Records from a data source
──────
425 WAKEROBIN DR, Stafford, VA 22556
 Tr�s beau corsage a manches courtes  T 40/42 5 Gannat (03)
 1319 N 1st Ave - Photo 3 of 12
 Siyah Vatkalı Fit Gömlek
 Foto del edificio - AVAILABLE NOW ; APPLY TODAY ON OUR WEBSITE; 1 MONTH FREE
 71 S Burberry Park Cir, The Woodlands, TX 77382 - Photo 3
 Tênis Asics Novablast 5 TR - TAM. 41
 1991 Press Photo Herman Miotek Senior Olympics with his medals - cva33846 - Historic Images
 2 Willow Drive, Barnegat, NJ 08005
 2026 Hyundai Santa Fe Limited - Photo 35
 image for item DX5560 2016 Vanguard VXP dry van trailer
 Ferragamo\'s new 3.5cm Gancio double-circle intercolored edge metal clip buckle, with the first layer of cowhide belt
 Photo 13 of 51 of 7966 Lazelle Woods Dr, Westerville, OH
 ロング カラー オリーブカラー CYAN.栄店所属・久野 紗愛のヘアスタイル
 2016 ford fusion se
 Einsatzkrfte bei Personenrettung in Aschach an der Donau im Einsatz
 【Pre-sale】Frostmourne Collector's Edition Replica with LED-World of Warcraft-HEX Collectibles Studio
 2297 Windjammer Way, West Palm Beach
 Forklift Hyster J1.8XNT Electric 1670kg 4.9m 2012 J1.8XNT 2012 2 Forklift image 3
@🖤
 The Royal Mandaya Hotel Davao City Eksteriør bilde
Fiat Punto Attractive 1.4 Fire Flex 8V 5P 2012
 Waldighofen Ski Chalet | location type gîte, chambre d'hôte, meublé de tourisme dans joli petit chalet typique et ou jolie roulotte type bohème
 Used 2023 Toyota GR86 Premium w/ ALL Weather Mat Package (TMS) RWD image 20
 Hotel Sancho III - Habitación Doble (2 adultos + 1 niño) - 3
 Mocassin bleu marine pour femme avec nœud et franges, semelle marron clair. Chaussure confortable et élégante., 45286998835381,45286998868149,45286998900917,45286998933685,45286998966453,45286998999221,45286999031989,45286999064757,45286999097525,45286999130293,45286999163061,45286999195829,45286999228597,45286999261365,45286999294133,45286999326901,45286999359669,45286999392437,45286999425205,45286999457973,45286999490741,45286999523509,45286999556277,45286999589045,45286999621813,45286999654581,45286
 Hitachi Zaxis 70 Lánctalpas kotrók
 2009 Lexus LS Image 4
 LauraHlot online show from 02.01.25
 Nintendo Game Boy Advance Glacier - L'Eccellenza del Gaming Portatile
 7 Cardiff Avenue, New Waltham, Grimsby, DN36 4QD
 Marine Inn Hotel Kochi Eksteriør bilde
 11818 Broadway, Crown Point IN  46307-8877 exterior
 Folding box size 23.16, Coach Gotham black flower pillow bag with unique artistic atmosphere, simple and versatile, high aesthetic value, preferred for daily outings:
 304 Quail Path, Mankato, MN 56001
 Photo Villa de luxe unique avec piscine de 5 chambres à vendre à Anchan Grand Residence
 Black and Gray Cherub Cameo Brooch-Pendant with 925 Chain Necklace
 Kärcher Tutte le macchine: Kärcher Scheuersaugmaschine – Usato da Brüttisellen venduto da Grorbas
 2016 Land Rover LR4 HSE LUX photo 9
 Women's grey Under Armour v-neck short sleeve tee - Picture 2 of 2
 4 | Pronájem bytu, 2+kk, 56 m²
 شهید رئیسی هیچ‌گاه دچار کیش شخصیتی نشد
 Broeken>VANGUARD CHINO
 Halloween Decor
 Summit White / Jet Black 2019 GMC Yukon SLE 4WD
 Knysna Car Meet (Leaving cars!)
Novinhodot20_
──────
Exercise description:
Each of the entries must be written out again exactly.

Expected answer:
425 WAKEROBIN DR, Stafford, VA 22556
 Tr�s beau corsage a manches courtes  T 40/42 5 Gannat (03)
 1319 N 1st Ave - Photo 3 of 12
 Siyah Vatkalı Fit Gömlek
 Foto del edificio - AVAILABLE NOW ; APPLY TODAY ON OUR WEBSITE; 1 MONTH FREE
 71 S Burberry Park Cir, The Woodlands, TX 77382 - Photo 3
 Tênis Asics Novablast 5 TR - TAM. 41
 1991 Press Photo Herman Miotek Senior Olympics with his medals - cva33846 - Historic Images
 2 Willow Drive, Barnegat, NJ 08005
 2026 Hyundai Santa Fe Limited - Photo 35
 image for item DX5560 2016 Vanguard VXP dry van trailer
 Ferragamo\'s new 3.5cm Gancio double-circle intercolored edge metal clip buckle, with the first layer of cowhide belt
 Photo 13 of 51 of 7966 Lazelle Woods Dr, Westerville, OH
 ロング カラー オリーブカラー CYAN.栄店所属・久野 紗愛のヘアスタイル
 2016 ford fusion se
 Einsatzkrfte bei Personenrettung in Aschach an der Donau im Einsatz
 【Pre-sale】Frostmourne Collector's Edition Replica with LED-World of Warcraft-HEX Collectibles Studio
 2297 Windjammer Way, West Palm Beach
 Forklift Hyster J1.8XNT Electric 1670kg 4.9m 2012 J1.8XNT 2012 2 Forklift image 3
@🖤
 The Royal Mandaya Hotel Davao City Eksteriør bilde
Fiat Punto Attractive 1.4 Fire Flex 8V 5P 2012
 Waldighofen Ski Chalet | location type gîte, chambre d'hôte, meublé de tourisme dans joli petit chalet typique et ou jolie roulotte type bohème
 Used 2023 Toyota GR86 Premium w/ ALL Weather Mat Package (TMS) RWD image 20
 Hotel Sancho III - Habitación Doble (2 adultos + 1 niño) - 3
 Mocassin bleu marine pour femme avec nœud et franges, semelle marron clair. Chaussure confortable et élégante., 45286998835381,45286998868149,45286998900917,45286998933685,45286998966453,45286998999221,45286999031989,45286999064757,45286999097525,45286999130293,45286999163061,45286999195829,45286999228597,45286999261365,45286999294133,45286999326901,45286999359669,45286999392437,45286999425205,45286999457973,45286999490741,45286999523509,45286999556277,45286999589045,45286999621813,45286999654581,45286
 Hitachi Zaxis 70 Lánctalpas kotrók
 2009 Lexus LS Image 4
 LauraHlot online show from 02.01.25
 Nintendo Game Boy Advance Glacier - L'Eccellenza del Gaming Portatile
 7 Cardiff Avenue, New Waltham, Grimsby, DN36 4QD
 Marine Inn Hotel Kochi Eksteriør bilde
 11818 Broadway, Crown Point IN  46307-8877 exterior
 Folding box size 23.16, Coach Gotham black flower pillow bag with unique artistic atmosphere, simple and versatile, high aesthetic value, preferred for daily outings:
 304 Quail Path, Mankato, MN 56001
 Photo Villa de luxe unique avec piscine de 5 chambres à vendre à Anchan Grand Residence
 Black and Gray Cherub Cameo Brooch-Pendant with 925 Chain Necklace
 Kärcher Tutte le macchine: Kärcher Scheuersaugmaschine – Usato da Brüttisellen venduto da Grorbas
 2016 Land Rover LR4 HSE LUX photo 9
 Women's grey Under Armour v-neck short sleeve tee - Picture 2 of 2
 4 | Pronájem bytu, 2+kk, 56 m²
 شهید رئیسی هیچ‌گاه دچار کیش شخصیتی نشد
 Broeken>VANGUARD CHINO
 Halloween Decor
 Summit White / Jet Black 2019 GMC Yukon SLE 4WD
 Knysna Car Meet (Leaving cars!)
Novinhodot20_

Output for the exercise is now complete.